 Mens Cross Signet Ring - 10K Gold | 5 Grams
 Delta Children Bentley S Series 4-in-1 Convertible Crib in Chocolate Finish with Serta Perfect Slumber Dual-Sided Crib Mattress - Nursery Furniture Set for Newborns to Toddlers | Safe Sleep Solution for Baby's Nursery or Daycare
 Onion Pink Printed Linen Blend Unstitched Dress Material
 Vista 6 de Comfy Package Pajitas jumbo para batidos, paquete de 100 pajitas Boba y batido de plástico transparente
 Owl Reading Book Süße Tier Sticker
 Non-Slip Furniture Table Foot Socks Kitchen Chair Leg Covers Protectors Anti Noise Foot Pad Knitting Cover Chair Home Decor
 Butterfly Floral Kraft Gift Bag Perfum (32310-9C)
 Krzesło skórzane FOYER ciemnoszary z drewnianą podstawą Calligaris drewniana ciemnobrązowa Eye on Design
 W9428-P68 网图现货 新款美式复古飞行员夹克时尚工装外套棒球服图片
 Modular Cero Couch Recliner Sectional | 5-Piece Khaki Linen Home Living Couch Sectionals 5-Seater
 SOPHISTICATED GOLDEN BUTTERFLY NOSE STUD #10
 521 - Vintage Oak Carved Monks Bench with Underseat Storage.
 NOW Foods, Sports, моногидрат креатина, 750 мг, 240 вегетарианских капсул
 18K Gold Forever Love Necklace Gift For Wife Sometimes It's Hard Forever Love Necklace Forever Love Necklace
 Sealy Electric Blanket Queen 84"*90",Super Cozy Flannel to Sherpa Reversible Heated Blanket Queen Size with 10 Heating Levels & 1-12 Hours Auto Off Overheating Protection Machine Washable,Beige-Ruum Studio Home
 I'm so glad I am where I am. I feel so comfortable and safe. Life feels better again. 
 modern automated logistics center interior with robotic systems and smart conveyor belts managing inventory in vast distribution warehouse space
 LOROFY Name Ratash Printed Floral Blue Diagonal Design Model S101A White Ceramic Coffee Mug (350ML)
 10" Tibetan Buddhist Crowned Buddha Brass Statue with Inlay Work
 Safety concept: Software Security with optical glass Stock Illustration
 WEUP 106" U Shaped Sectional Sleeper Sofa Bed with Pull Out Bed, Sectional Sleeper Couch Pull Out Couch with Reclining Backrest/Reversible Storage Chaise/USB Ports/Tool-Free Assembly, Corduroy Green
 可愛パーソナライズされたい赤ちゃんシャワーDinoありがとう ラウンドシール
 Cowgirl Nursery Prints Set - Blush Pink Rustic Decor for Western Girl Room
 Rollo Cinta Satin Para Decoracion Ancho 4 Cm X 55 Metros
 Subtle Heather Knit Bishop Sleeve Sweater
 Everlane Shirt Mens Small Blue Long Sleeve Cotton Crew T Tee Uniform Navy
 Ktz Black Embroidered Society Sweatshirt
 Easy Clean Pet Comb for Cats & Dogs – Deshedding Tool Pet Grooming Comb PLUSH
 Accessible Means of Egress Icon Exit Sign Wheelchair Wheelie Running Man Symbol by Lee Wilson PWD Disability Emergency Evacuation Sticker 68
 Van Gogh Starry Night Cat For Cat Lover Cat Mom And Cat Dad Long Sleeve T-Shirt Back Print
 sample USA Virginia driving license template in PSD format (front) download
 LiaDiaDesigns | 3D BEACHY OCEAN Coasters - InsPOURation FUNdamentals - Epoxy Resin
————————
### Problem details
Look above for the line holding "Delta Children Bentley", then set down exactly that line and every line after it up to and including the line holding "可愛パーソナライズされたい赤ちゃんシャワーDinoありがとう ラウンドシール", with nothing else.

### Output
 Delta Children Bentley S Series 4-in-1 Convertible Crib in Chocolate Finish with Serta Perfect Slumber Dual-Sided Crib Mattress - Nursery Furniture Set for Newborns to Toddlers | Safe Sleep Solution for Baby's Nursery or Daycare
 Onion Pink Printed Linen Blend Unstitched Dress Material
 Vista 6 de Comfy Package Pajitas jumbo para batidos, paquete de 100 pajitas Boba y batido de plástico transparente
 Owl Reading Book Süße Tier Sticker
 Non-Slip Furniture Table Foot Socks Kitchen Chair Leg Covers Protectors Anti Noise Foot Pad Knitting Cover Chair Home Decor
 Butterfly Floral Kraft Gift Bag Perfum (32310-9C)
 Krzesło skórzane FOYER ciemnoszary z drewnianą podstawą Calligaris drewniana ciemnobrązowa Eye on Design
 W9428-P68 网图现货 新款美式复古飞行员夹克时尚工装外套棒球服图片
 Modular Cero Couch Recliner Sectional | 5-Piece Khaki Linen Home Living Couch Sectionals 5-Seater
 SOPHISTICATED GOLDEN BUTTERFLY NOSE STUD #10
 521 - Vintage Oak Carved Monks Bench with Underseat Storage.
 NOW Foods, Sports, моногидрат креатина, 750 мг, 240 вегетарианских капсул
 18K Gold Forever Love Necklace Gift For Wife Sometimes It's Hard Forever Love Necklace Forever Love Necklace
 Sealy Electric Blanket Queen 84"*90",Super Cozy Flannel to Sherpa Reversible Heated Blanket Queen Size with 10 Heating Levels & 1-12 Hours Auto Off Overheating Protection Machine Washable,Beige-Ruum Studio Home
 I'm so glad I am where I am. I feel so comfortable and safe. Life feels better again. 
 modern automated logistics center interior with robotic systems and smart conveyor belts managing inventory in vast distribution warehouse space
 LOROFY Name Ratash Printed Floral Blue Diagonal Design Model S101A White Ceramic Coffee Mug (350ML)
 10" Tibetan Buddhist Crowned Buddha Brass Statue with Inlay Work
 Safety concept: Software Security with optical glass Stock Illustration
 WEUP 106" U Shaped Sectional Sleeper Sofa Bed with Pull Out Bed, Sectional Sleeper Couch Pull Out Couch with Reclining Backrest/Reversible Storage Chaise/USB Ports/Tool-Free Assembly, Corduroy Green
 可愛パーソナライズされたい赤ちゃんシャワーDinoありがとう ラウンドシール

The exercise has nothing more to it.